- [DATA SUPPLIED]
▼

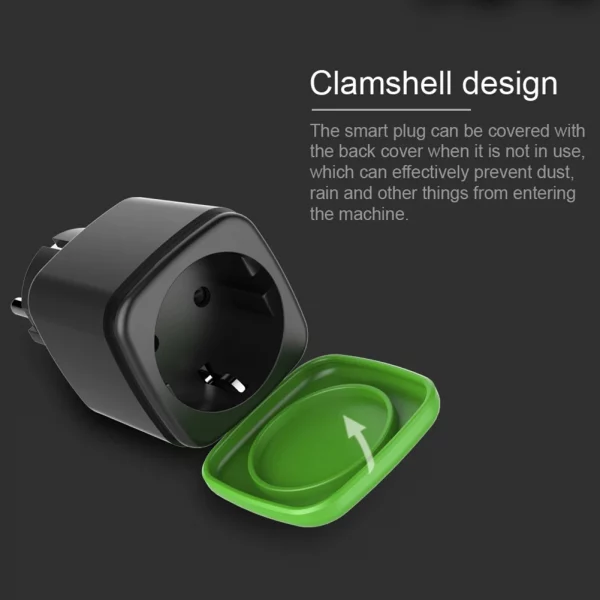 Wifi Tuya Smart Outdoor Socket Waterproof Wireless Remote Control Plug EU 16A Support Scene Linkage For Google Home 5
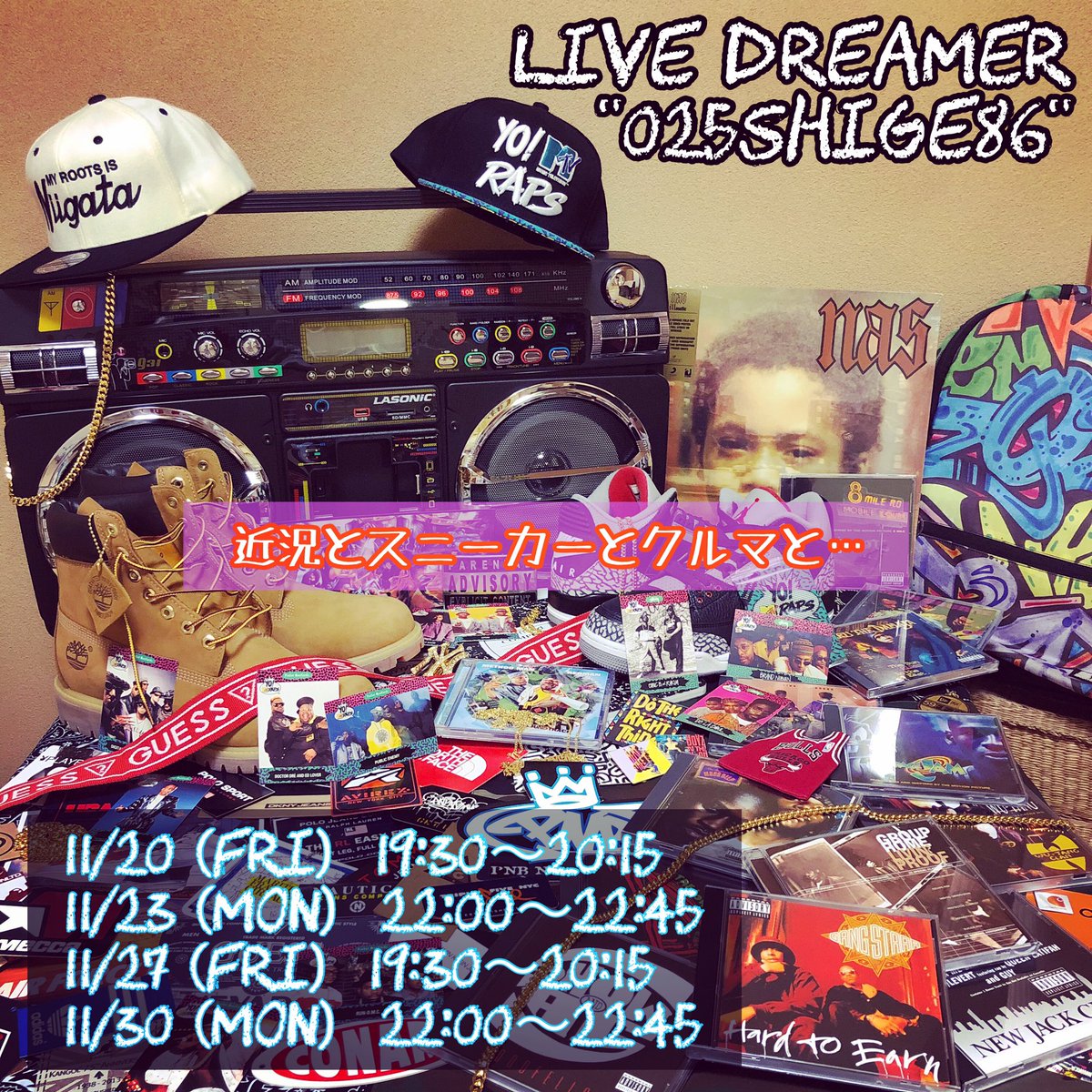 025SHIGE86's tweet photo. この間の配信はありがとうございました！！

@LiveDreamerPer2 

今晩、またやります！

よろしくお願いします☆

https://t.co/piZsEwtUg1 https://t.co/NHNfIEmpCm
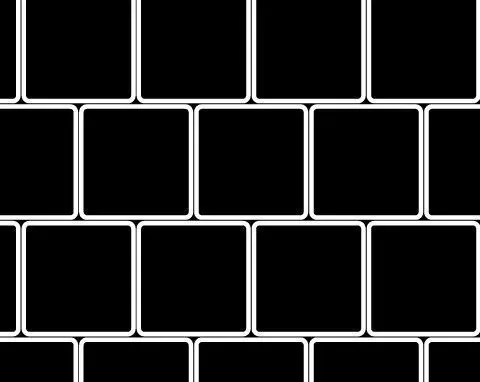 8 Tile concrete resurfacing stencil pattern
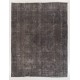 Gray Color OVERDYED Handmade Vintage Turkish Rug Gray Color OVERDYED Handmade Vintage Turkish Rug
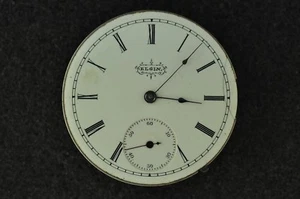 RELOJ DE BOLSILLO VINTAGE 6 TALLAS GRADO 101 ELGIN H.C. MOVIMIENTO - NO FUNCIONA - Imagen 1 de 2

▲
▼

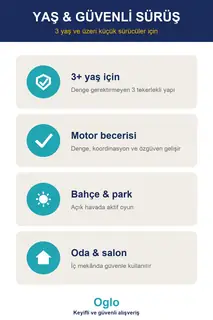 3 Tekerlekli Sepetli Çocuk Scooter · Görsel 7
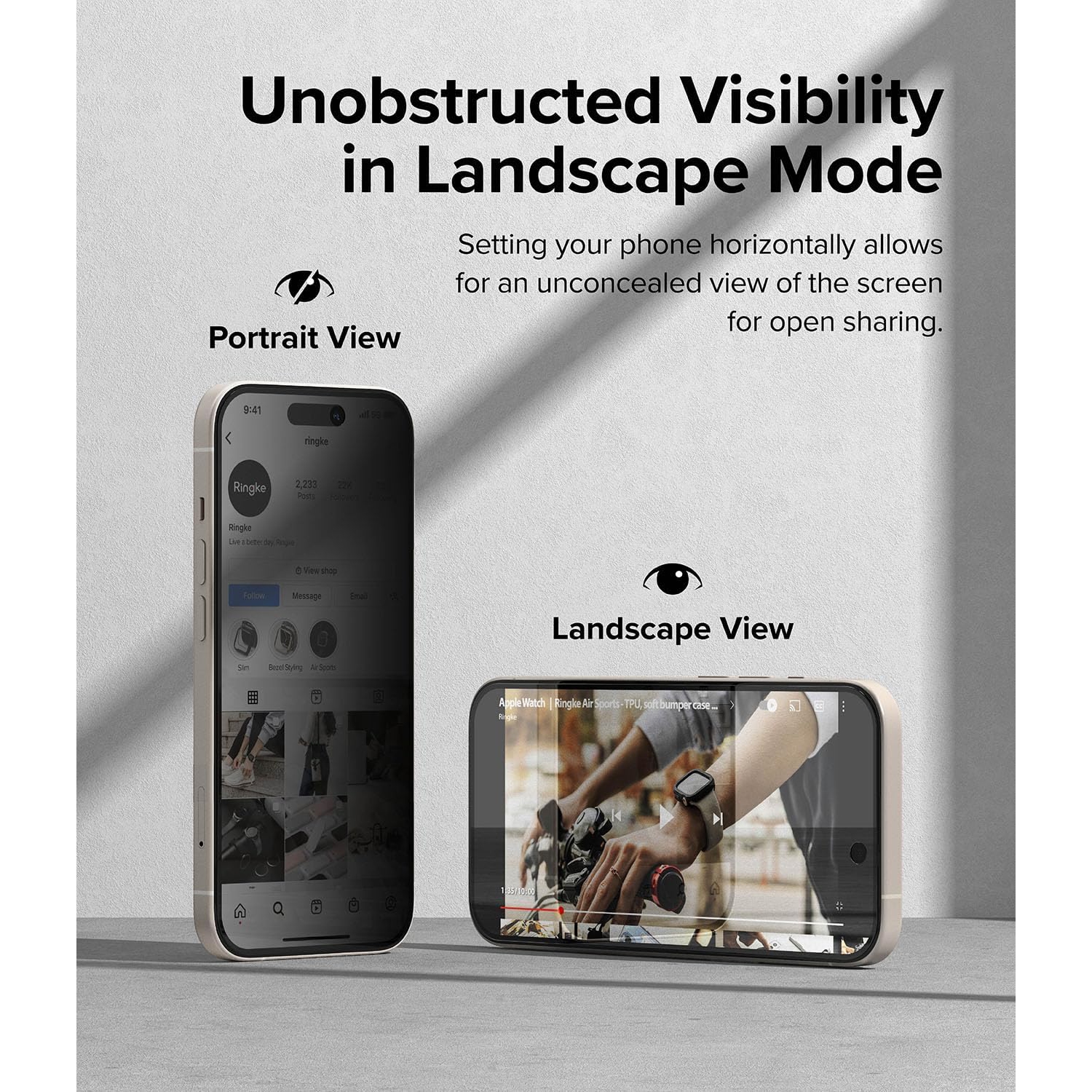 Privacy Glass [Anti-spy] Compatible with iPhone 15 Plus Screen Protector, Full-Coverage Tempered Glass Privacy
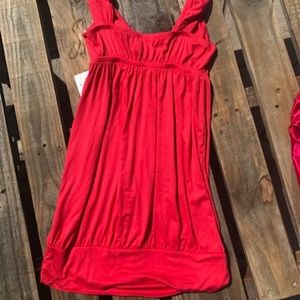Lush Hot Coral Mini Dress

▲
▼

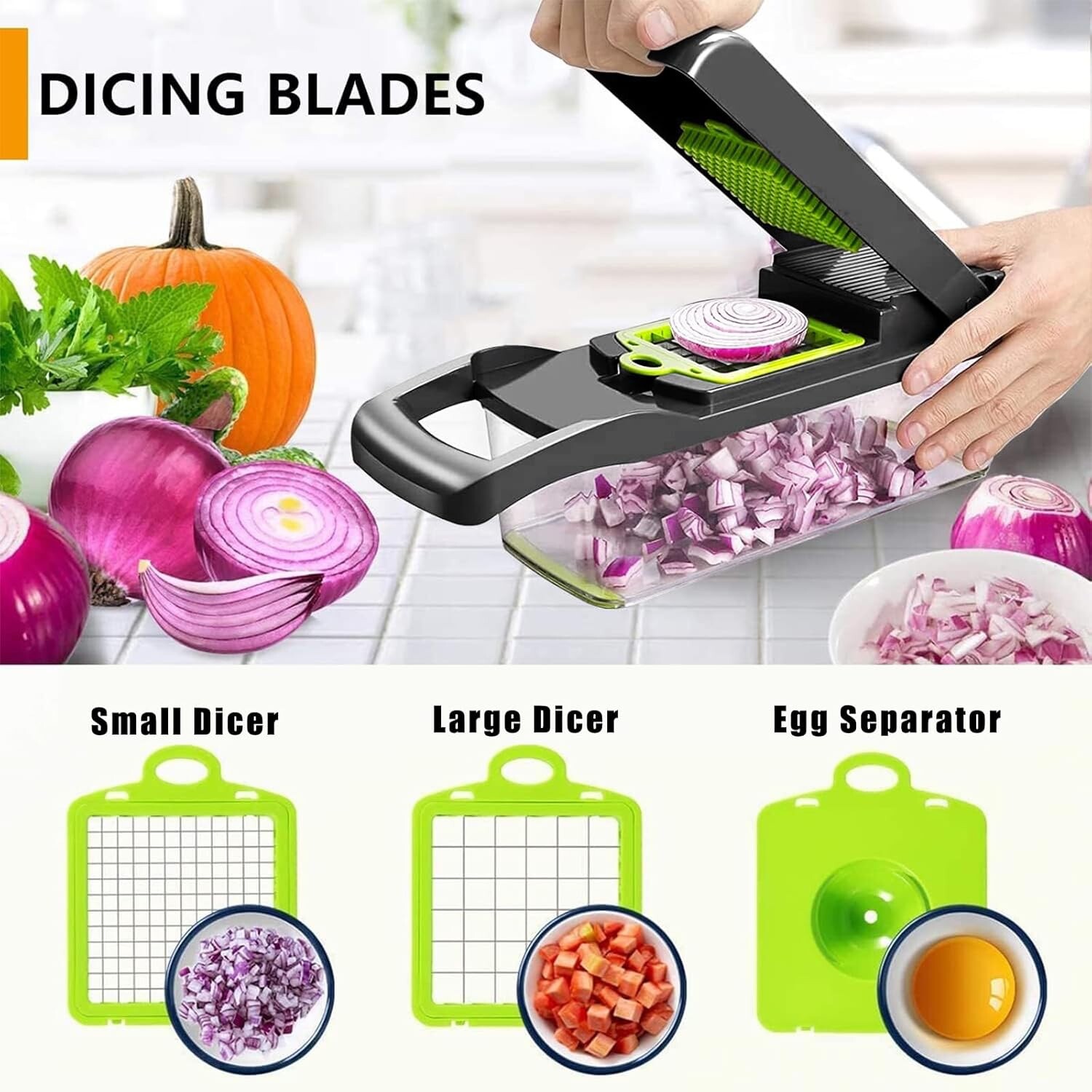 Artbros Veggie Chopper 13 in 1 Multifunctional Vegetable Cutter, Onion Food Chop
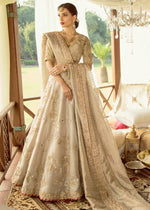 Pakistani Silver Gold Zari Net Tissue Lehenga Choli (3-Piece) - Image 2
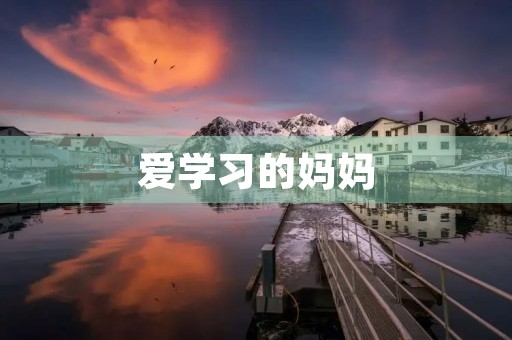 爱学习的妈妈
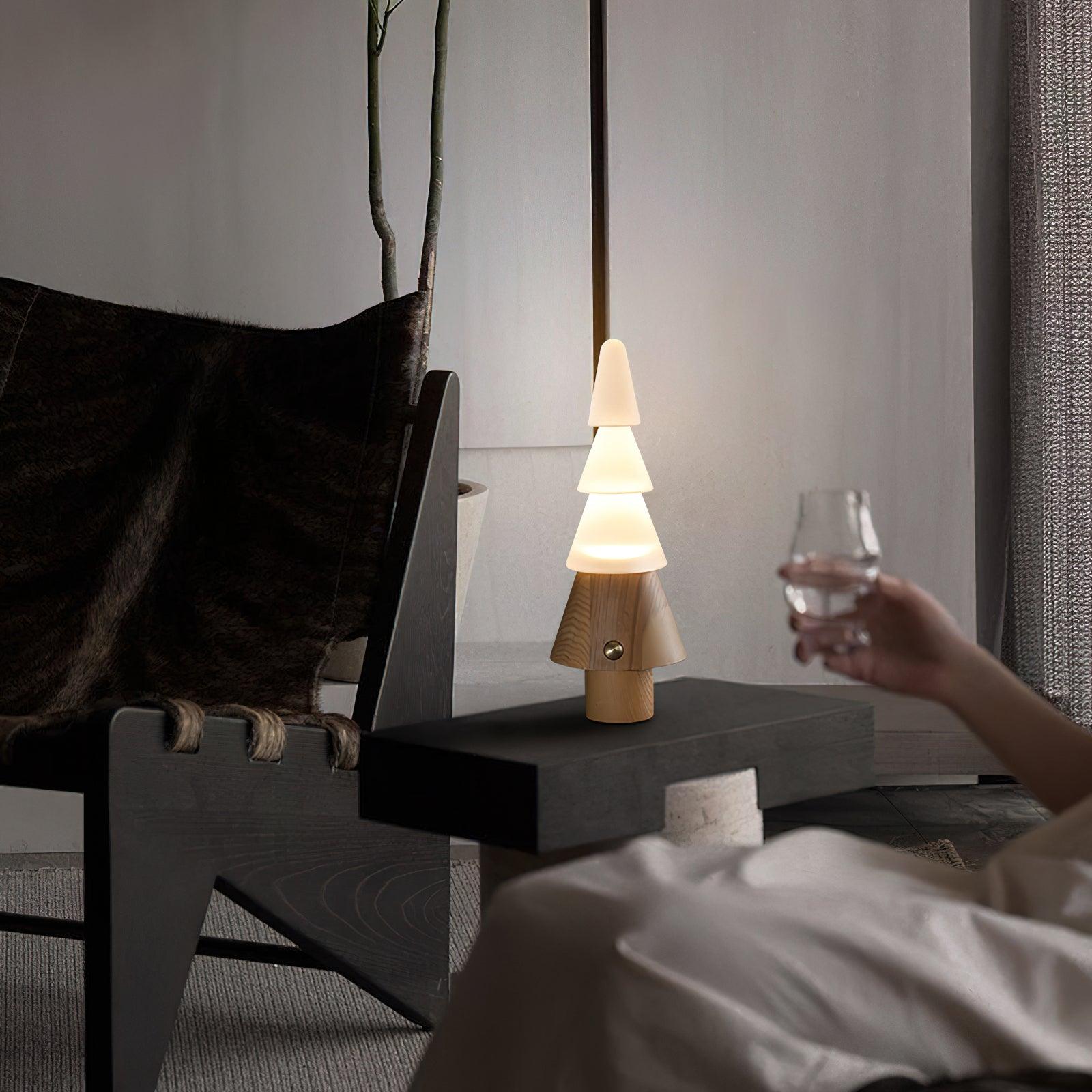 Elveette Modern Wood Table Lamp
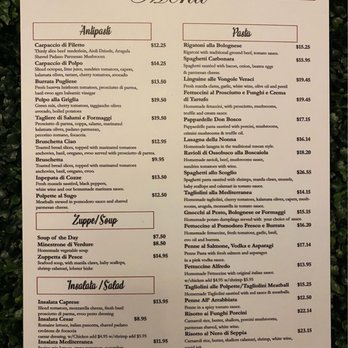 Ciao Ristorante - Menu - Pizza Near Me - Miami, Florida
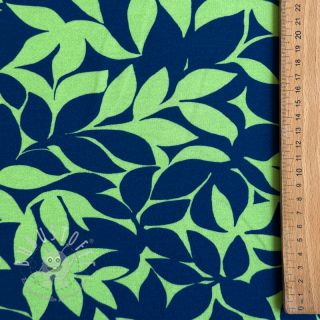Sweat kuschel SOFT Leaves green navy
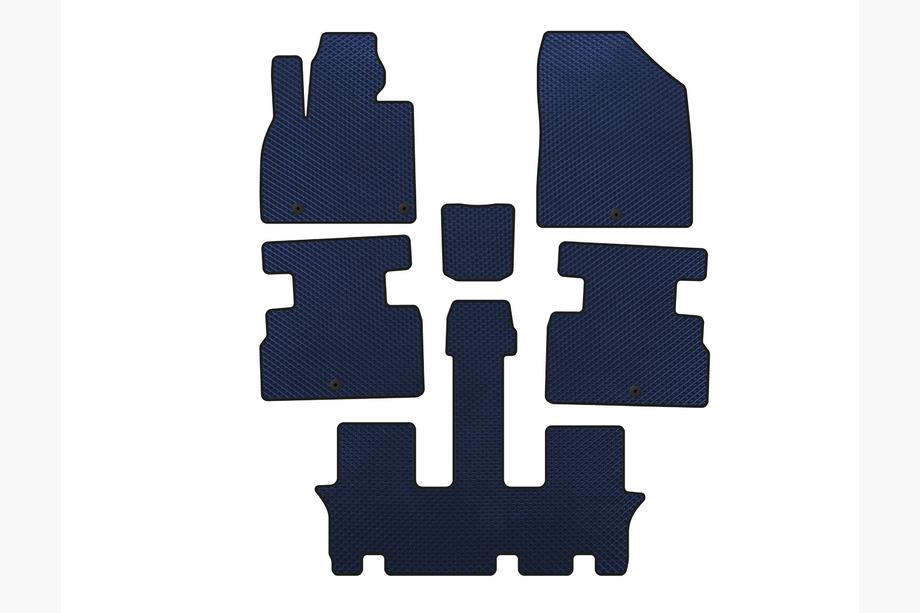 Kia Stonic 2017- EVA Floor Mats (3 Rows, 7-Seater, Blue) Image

▲

Starting at the line containing "Sweat kuschel SOFT Leaves green navy" and stopping at the line containing "Kia Stonic 2017- EVA", output each line exactly as it appears above. Leave out the pictures.

- [TASK SOLUTION]
Sweat kuschel SOFT Leaves green navy
 Kia Stonic 2017- EVA Floor Mats (3 Rows, 7-Seater, Blue) Image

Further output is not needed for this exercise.